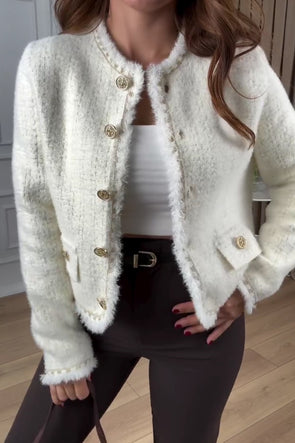 Women Elegant Thick Woven Textured Raw Edge Coat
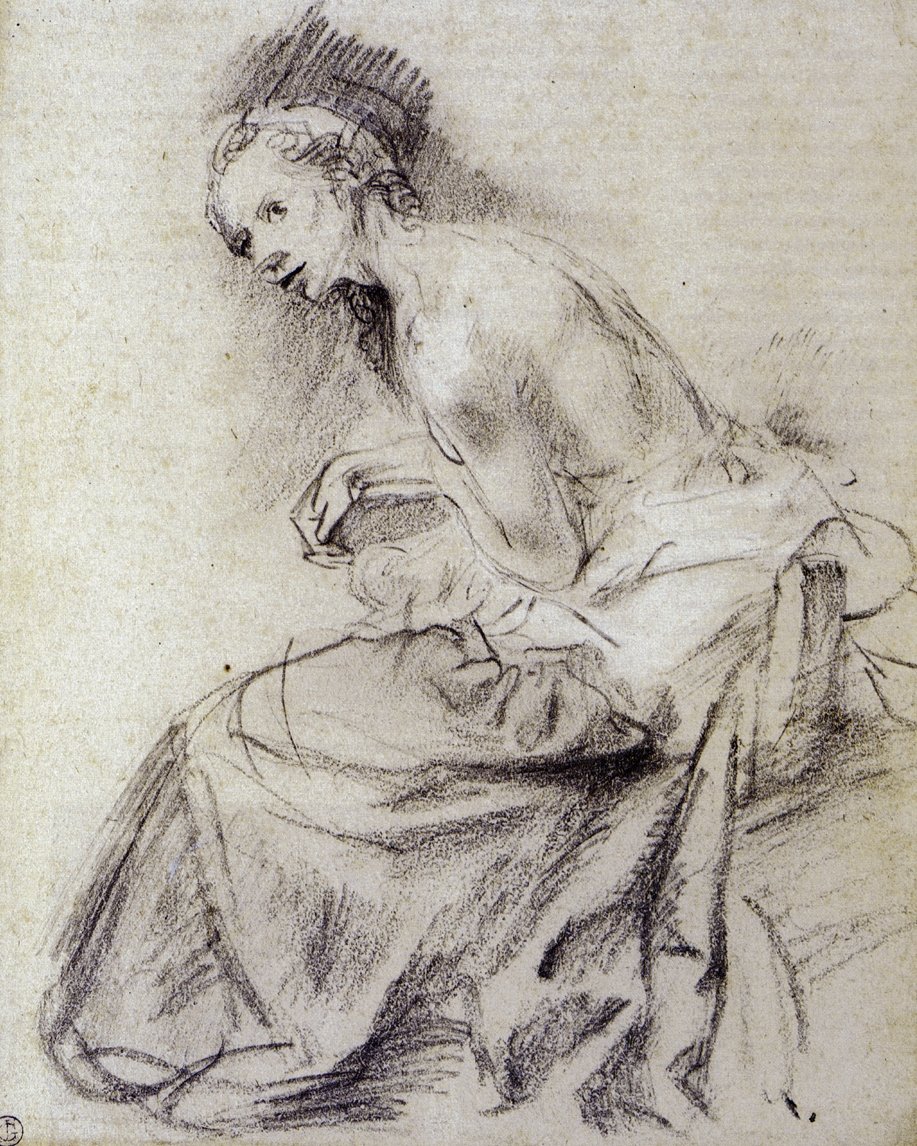 Sitzender weiblicher Akt von Rembrandt van Rijn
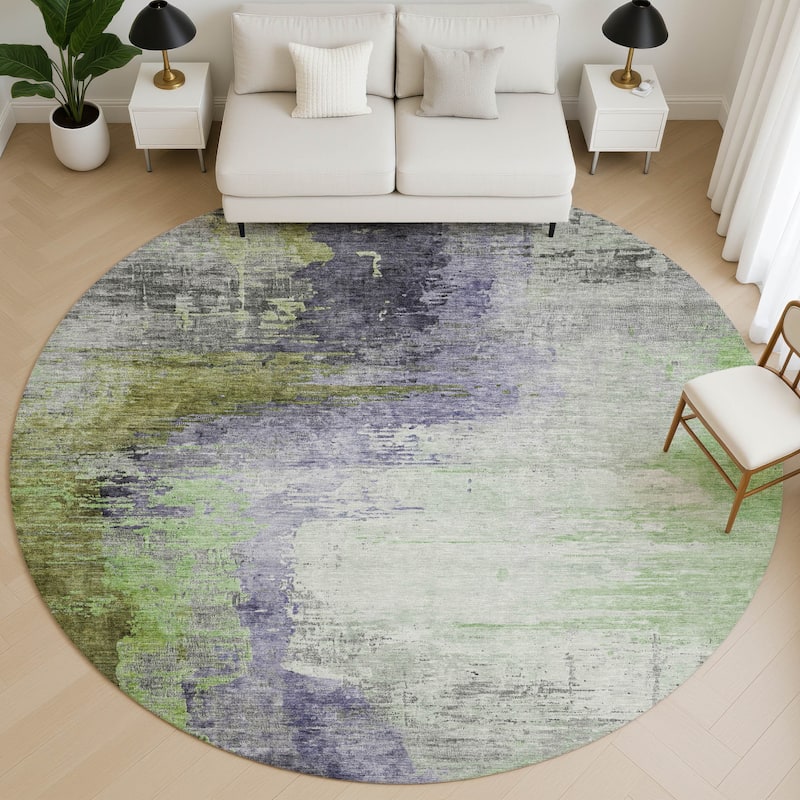 Premium Washable Super Soft Abstract Soid Mayfield Rug - Plum - 8' x 8'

What you need to do: When you repeat the data, keep every line exact and drop the images.

Completed task:
 Women Elegant Thick Woven Textured Raw Edge Coat
 Sitzender weiblicher Akt von Rembrandt van Rijn
 Premium Washable Super Soft Abstract Soid Mayfield Rug - Plum - 8' x 8'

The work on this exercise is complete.